The Great Depression hits Dover

The Clague Cabin was built in 1935 as a Works Progress Administration project.

The year 1929 may forever be known as the beginning of one of the darkest eras in American history. Nearly 15,000 banks had failed by 1933, and the unemployment rate was approaching 25%. On the farm front, crop prices were in a downward spiral. The Federal Farm Board was established to try to stabilize farm prices, but surpluses grew and prices continued to fall.

Dover Village, being a primarily agricultural community, was hit particularly hard. The 1930s were marked by uncertainty. Mortgage payments and property assessments became an impossible burden and many farmers were forced to sell their land or lost it through tax sales.  Investors and land speculators purchased hundreds of acres of Dover farm lands, often leaving the land unattended, until better days and higher prices would bring buyers.

The Depositors Savings and Loan Bank, organized during the early 1920s by Doverites, met the same fate of many other banks at this time. It was located in a house at the corner of Dover and Center Ridge Roads.

Federal programs to relieve the situation were active in Dover. Programs like the Works Progress Administration, Public Works Administration and the National Youth Program provided funds to employ workers, and bring needed money into the community. 

Clague Memorial Park received considerable benefit from these programs. The Clague Cabin was built in 1935 by WPA workers, using native stone taken from the quarry at the northeast corner of Bradley Woods.
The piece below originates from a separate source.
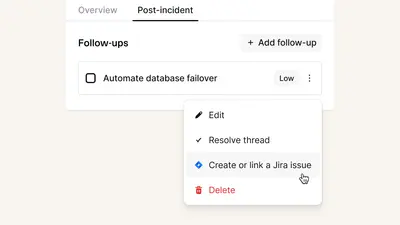 incident.io for Atlassian — screenshot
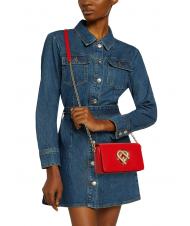 FURLA MY JOY Geanta mini de umar din piele de vitel taita spritzer - Genți femei - 6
Also, the village was able to purchase approximately 12,000 trees in 1937 to plant in the park.

Dover’s Board of Education was facing dire straits as landowners became delinquent in their taxes. Teachers’ salaries were slashed in 1931 and again the following year. In 1933, the Board recommended shortening the school year by four weeks to save money, but the teachers offered to work two of those weeks without pay.

Vincent Cooley and Mida Weston worked tirelessly on a welfare program conducted in Dover.  Regular gifts of food and supplies from the federal government were delivered to the old town hall, then Mrs. Weston saw to it that they were properly distributed. She visited people all over town and always seemed to have time for everyone. 

Dover did not begin to recover from the effects of the Depression until the start of World War II. Then jobs became plentiful again and people could take care of their families and their community.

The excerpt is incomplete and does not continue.